Schijnende
Een beschrijvende aanduiding van de „koning van Babylon” (Jes 14:4, 12). De Hebreeuwse uitdrukking die aldus is vertaald (NW; Ro; Yg), is afgeleid van een grondwoord dat „schijnen” betekent (Job 29:3). De weergave „Lucifer” (Leuvense bijbel, door Nicolaas van Winghe) is ontleend aan de Latijnse Vulgaat.
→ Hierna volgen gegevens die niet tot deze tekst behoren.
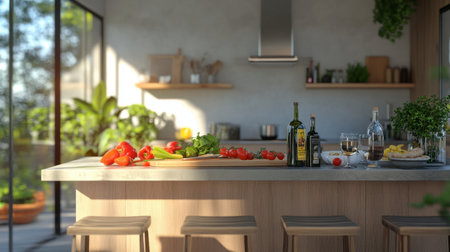 A modern kitchen island with bar stools, neatly arranged with fresh ingredients, a cutting board, and a glass of wine.の素材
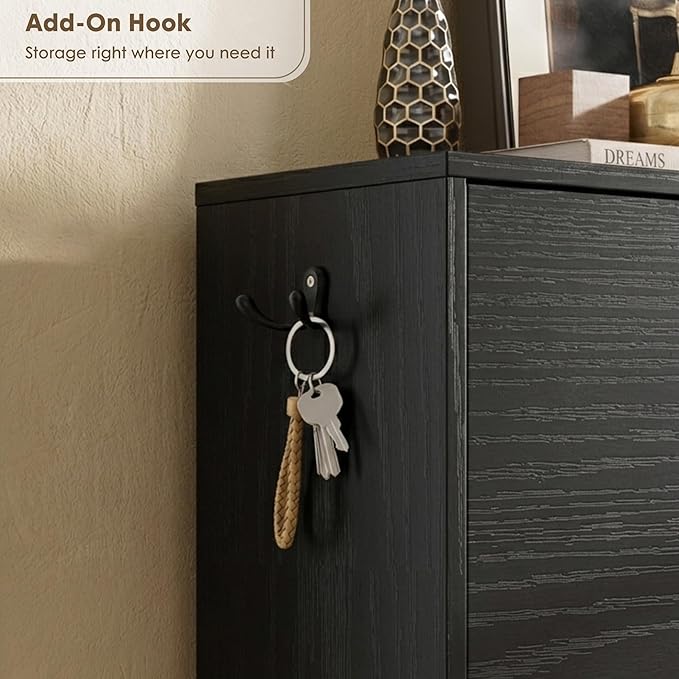 Nicetree Shoe Cabinet with 3 Flip Drawers, Narrow Shoe Organizer Cabinet, Freestanding Shoe Rack Cabinet, Modern Shoe Storage Cabinet for Entryway, Hallway, Foyer, Black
De „schijnende” wordt voorgesteld als zeggend in zijn hart: „Boven de sterren Gods zal ik mijn troon verheffen, en ik zal mij neerzetten op de berg der samenkomst” (Jes 14:13). Uit de bijbel blijkt dat met de „berg der samenkomst” de berg Sion bedoeld wordt. (Zie BERG DER SAMENKOMST.) Aangezien sterren betrekking kunnen hebben op koningen (Nu 24:17; Opb 22:16), moeten „de sterren Gods” dus de koningen uit de Davidische geslachtslijn zijn, die vanaf de berg Sion regeerden. De „koning van Babylon” (de dynastie van Babylonische koningen), die de houding weerspiegelde van Satan, de god van dit samenstel van dingen, onthulde zijn ambitie om zijn troon „boven de sterren Gods” te verheffen doordat hij de koningen uit de geslachtslijn van David tot louter vazallen wilde maken en hen uiteindelijk wilde onttronen. Net als sterren die licht verspreiden, schitterde de „koning van Babylon” in de wereld van de oudheid en kon hij „schijnende” genoemd worden.